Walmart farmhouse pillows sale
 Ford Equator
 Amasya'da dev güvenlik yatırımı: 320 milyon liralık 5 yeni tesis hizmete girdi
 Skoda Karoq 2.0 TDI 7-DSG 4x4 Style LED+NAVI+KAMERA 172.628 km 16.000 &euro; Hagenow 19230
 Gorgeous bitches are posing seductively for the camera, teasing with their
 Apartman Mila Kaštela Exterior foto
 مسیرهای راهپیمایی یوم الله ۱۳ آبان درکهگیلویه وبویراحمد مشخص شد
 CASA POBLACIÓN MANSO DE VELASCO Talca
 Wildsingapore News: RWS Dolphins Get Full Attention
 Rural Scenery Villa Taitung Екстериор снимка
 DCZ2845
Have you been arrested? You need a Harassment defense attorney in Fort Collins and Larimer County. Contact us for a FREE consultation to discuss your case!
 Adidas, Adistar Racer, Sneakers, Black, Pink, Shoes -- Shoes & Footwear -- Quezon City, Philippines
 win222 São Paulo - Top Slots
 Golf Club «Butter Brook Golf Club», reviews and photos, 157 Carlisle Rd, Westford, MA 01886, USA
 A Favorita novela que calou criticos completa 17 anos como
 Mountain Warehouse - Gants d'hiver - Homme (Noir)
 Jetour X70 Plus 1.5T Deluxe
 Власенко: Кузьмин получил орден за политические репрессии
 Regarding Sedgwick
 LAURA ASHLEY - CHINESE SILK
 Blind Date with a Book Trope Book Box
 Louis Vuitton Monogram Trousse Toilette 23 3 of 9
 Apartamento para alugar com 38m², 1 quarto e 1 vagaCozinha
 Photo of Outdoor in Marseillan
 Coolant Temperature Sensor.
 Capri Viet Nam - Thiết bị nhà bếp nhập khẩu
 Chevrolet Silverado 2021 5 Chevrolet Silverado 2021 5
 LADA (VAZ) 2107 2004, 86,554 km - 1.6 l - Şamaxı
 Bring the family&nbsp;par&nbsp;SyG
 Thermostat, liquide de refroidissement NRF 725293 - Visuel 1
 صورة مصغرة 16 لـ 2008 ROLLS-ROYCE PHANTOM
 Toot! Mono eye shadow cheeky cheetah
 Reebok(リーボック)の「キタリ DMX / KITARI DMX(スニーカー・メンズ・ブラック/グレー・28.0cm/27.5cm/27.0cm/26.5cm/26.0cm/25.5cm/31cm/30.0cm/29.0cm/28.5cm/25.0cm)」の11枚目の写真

**********

» PROBLEM TO WORK ON
Please give only the number of lines in the listing that hold the word "with".

» SOLUTION FOR THIS EXERCISE
2